$Id: namespaces.xml 239 2007-11-04 20:49:31Z kate $
Abstract
A recap is given of the author's experiences of the past few years of writing software to process documents. A review of the author's own implementations is given, and a proposal outlined for a system of software development for documentation processing which will hopefully not stagnate after her death.
The intended audience are those who are desperately unhappy with Docbook, care about the quality of typesetting of their documents, but want to produce output for various media.
Table of Contents
I started thinking about document processing in around 1995. I was trying to find ways to collate articles on various subjects in a form which would be expandable, and readily accessible through a taxonomy. I came up with a few non-extensible formats to express documents and categorise their subjects, though I didn't have access to the Internet, and I was unaware of tools such as SGML.

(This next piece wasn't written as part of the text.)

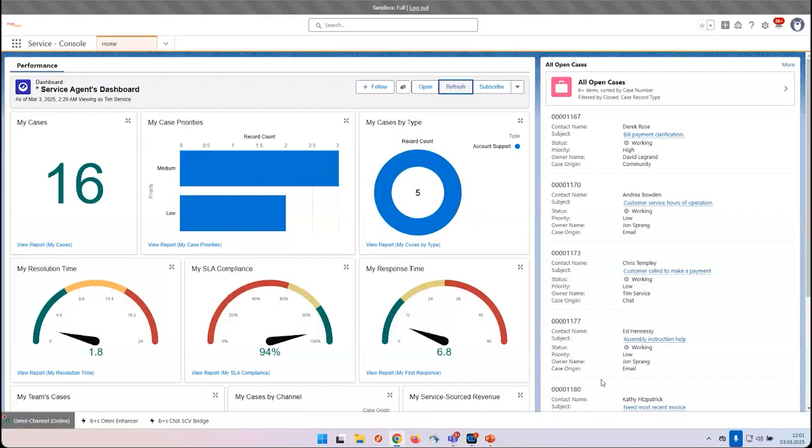Here you see Salesforce Service Cloud Voice. I will now call in and I will hear a voice bot. The voice bot will determine what is my intent for the call. After that, the call will be delivered to the agent desktop and we will see the live transcription.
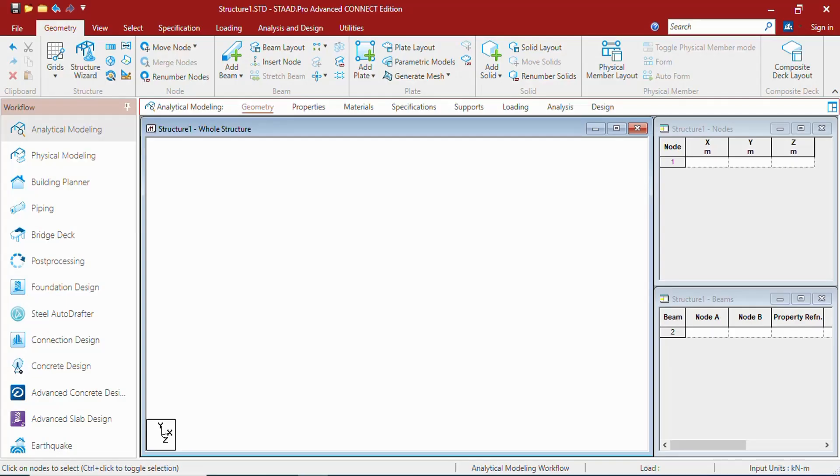Hello guys, welcome to Something of Everything. Hope you are doing well. In this session, we shall learn about Nodes, Beams, Plates and Solids in StaadPro.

Through university, I toyed with various systems for producing coursework. I'd realised that my preferences for choices of output media varied wildly (I found fan-fold dot matrix output convenient at the time), and so I concentrated on storing my writings in various ways under a “write once, render many” principle.
My undergraduate writing climaxed with a BSc dissertation written in an XML schema I'd gradually come up with over those years. The schema was structured much as Docbook is today, with “modules” which could be brought in by referencing various DTDs. It had no concept of XML namespaces. Output was to ConTeXt via XSLT, with post-processing to attempt to clean up the mess inherent with producing TeX syntax from XSLT.
Shortly afterwards, I abandoned that implementation. I took with me the ideas which I'd come up with along the way.